Spectral unmixing is a topic of interest in statistics, chemometrics, signal processing, and image analysis. For decades, researchers from these fields were often unaware of the work in other disciplines due to their different scientific and technical backgrounds and interest in different objects or samples. This led to the development of quite different approaches to solving the same problem. This multi-authored book will bridge the gap between disciplines with contributions from a number of well-known and strongly active chemometric and signal processing research groups.

Among chemists, multivariate curve resolution methods are preferred to extract information about the nature, amount, and location in time (process) and space (imaging and microscopy) of chemical constituents in complex samples. In signal processing, assumptions are usually around statistical independence of the extracted components. However, the chapters include the complexity of the spectral data to be unmixed as well as dimensionality and size of the data sets. Advanced spectroscopy is the key thread linking the different chapters. Applications cover a large part of the electromagnetic spectrum. Time-resolution ranges from femtosecond to second in process spectroscopy and spatial resolution covers the submicronic to macroscopic scale in hyperspectral imaging.
Autorenporträt
Cyril Ruckebusch is currently a Professor at Ecole PolytechLille, Université de Lille - Sciences et Technologies. He is doing his research at LASIR, a mixed CNRS-University Lille research unit.

Cyril was previously Associate Professor at University of Lille since 2008 when he obtained the qualification for full-professorship (habilitation in physical chemistry).

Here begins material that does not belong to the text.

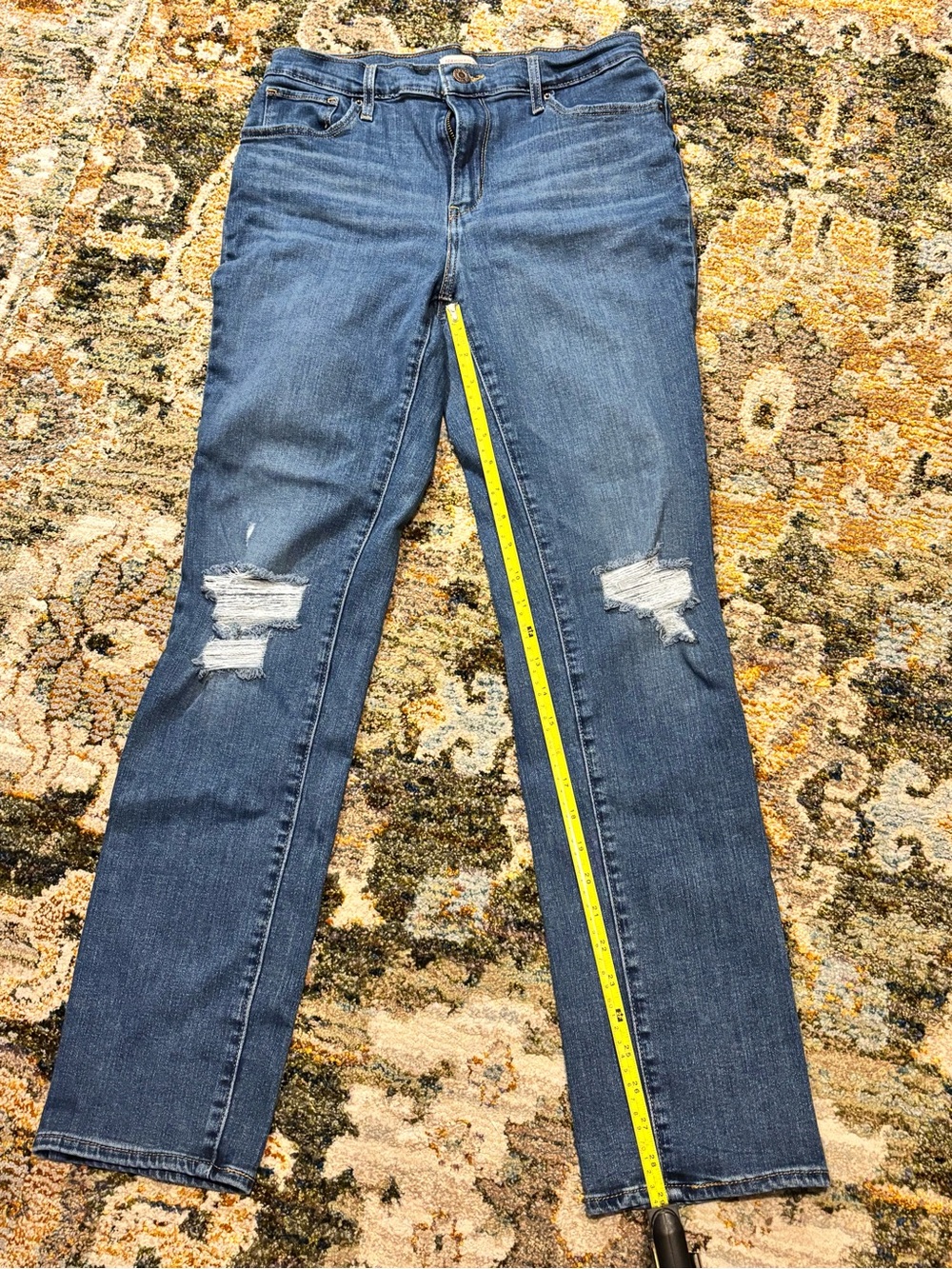 Blue Distressed Women's Jeans - Classic Slim Fit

He received his PhD in Engineering Science in 2000. His current research focuses mainly on the development and application of chemometrics in advanced spectroscopy and imaging. He has published over 70 papers in international journals and coordinated international scientific collaboration research programs and industrial and technological projects. He is Associate Editor for reviews of the Journal of Chemometrics and Editorial Adviser of Analytica Chimica Acta.